Sem água não haveria vida na Terra. O corpo humano é composto de 75% de água. Além de necessária à vida e componente dos corpos vivos, a água também ocupa o imaginário humano. De Netuno a Iemanjá, são inúmeros os mitos, lendas, crenças envolvendo esse mineral. Alguns fazem parte da trajetória do conhecimento, incorporam-se à longa caminhada da percepção e apreensão do real feita pela espécie humana. Outras crenças, contudo, estão deslocadas do processo do aprendizado – contrapõem-se a ele, na verdade.

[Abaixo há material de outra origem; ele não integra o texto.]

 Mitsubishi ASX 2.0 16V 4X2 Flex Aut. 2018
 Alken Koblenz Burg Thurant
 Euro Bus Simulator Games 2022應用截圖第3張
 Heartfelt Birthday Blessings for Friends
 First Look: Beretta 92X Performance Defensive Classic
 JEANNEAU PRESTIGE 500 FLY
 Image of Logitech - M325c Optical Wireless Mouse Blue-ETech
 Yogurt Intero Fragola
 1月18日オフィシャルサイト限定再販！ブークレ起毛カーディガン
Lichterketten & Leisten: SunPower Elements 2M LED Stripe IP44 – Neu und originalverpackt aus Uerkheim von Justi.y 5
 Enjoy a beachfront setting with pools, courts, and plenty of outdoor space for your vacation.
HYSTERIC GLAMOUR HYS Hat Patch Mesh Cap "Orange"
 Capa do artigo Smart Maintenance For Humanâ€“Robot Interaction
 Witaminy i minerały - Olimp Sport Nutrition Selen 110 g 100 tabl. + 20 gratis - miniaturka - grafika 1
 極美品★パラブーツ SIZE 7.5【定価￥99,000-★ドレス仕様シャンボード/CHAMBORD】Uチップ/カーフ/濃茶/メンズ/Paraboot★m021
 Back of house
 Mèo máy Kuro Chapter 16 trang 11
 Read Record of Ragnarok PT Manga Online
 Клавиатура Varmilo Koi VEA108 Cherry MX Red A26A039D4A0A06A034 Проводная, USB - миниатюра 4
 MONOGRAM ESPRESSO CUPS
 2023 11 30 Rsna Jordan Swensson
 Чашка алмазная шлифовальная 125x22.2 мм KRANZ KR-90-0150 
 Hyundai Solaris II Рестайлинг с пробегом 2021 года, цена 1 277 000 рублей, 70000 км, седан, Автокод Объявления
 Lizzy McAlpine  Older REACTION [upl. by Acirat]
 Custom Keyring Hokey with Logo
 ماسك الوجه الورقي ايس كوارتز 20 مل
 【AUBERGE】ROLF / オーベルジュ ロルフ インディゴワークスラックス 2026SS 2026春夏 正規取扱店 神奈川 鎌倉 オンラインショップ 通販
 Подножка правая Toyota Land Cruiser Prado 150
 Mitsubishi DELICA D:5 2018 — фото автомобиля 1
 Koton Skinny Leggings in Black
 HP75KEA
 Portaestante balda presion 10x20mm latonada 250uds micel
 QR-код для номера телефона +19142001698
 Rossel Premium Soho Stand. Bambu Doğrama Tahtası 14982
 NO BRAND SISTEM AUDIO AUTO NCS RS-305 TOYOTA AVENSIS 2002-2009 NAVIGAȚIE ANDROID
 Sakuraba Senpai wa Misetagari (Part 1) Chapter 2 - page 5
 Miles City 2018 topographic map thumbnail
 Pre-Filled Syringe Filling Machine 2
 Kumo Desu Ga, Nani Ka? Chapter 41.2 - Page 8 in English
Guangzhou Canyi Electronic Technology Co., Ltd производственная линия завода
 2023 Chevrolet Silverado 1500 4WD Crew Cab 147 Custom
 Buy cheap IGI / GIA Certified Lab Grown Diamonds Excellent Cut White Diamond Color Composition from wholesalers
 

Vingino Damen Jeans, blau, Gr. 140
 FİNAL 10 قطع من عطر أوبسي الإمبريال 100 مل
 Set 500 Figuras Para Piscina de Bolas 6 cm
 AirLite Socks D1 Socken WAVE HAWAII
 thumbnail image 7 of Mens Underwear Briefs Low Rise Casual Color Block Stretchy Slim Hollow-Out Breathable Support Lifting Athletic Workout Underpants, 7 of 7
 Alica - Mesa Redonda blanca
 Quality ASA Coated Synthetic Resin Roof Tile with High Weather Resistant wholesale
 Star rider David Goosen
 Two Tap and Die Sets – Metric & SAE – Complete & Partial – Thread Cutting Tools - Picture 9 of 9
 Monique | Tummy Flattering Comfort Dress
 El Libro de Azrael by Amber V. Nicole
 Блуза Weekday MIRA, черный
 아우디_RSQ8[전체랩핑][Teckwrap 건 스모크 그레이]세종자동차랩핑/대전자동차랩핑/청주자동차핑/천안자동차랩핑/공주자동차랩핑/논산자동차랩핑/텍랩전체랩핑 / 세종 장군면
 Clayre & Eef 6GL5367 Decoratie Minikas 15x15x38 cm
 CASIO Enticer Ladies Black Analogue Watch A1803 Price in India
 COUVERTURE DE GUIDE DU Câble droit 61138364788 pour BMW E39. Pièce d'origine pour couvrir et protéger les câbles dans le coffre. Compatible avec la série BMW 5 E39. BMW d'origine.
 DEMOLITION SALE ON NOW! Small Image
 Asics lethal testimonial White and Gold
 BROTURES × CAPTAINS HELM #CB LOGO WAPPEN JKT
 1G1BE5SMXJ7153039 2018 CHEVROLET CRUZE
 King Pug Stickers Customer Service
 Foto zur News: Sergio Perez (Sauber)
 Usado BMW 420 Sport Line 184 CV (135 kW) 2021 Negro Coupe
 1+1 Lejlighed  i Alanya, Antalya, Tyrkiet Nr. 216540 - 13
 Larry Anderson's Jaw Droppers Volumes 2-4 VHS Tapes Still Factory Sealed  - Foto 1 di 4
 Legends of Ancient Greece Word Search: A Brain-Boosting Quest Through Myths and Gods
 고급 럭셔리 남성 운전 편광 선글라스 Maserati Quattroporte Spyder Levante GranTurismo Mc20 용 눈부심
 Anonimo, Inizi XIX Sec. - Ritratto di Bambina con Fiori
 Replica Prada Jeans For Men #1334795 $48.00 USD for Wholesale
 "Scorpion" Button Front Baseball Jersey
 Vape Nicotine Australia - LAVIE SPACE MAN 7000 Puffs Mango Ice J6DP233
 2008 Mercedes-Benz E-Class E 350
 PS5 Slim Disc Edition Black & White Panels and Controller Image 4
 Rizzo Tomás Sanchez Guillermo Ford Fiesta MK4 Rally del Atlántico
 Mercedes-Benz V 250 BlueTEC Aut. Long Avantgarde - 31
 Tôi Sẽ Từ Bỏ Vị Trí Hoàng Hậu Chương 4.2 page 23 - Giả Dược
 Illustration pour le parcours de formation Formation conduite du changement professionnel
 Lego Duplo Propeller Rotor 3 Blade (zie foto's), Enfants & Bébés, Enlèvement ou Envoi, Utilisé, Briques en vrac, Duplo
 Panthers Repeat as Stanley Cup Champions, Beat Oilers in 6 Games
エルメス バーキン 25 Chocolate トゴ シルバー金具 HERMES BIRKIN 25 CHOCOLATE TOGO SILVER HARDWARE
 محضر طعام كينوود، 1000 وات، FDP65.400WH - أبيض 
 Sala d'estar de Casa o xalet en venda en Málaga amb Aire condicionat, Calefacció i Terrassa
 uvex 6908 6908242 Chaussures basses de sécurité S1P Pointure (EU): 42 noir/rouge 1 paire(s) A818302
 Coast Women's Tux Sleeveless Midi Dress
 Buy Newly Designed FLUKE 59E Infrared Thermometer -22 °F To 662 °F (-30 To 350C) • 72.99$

É o caso da “memória da água”, uma das muitas crendeirices que pululam neste início de milênio.
Seu principal divulgador é Masaru Emoto, que estudou bioquímica na Universidade da Califórnia, onde conheceu Lee Lorenzen, que afirma que a água é capaz de armazenar informação. Tentando provar a afirmação de Lorenzen, Emoto congelou a água a –5ºC e fotografou os cristais de gelo que se formaram, ampliados em 200 a 500 vezes. Segundo ele, os cristais teriam uma tendência a se ordenar de forma metódica em uma certa estrutura padrão. Porém, quando constatou que a água da chuva coletada em várias cidades não apresentava padrão algum, preferiu apelar para a tautologia e dizer que elas apresentavam “padrões caóticos”, revelando “informações não metódicas”. Assim, a inexistência de padrão virou “padrão caótico” e a ausência de forma metódica transmutou-se em “informações não metódicas”...
Diz ele que o cristal de água “assimila” informações. Não informações quaisquer, mas informações metafísicas e também sociológicas: na fonte de Lourdes, o cristal se parece com um rosário e o cristal das águas de uma região do Japão onde são feitos bordados finos reflete a estrutura de um bordado fino. Mais. A água também “escuta”, reagindo diferentemente para a Sinfonia Pastoral de Beethoven, a Sinfonia em Sol Menor de Mozart, a Ária da Quarta Corda (Sol) e as Variações Goldberg de Bach, o Estudo em Dó Maior de Chopin, para uma sutra tibetana, uma canção folclórica celta, uma coreana, um hard rock e para o Heartbreak Hotel interpretado por Elvis Presley.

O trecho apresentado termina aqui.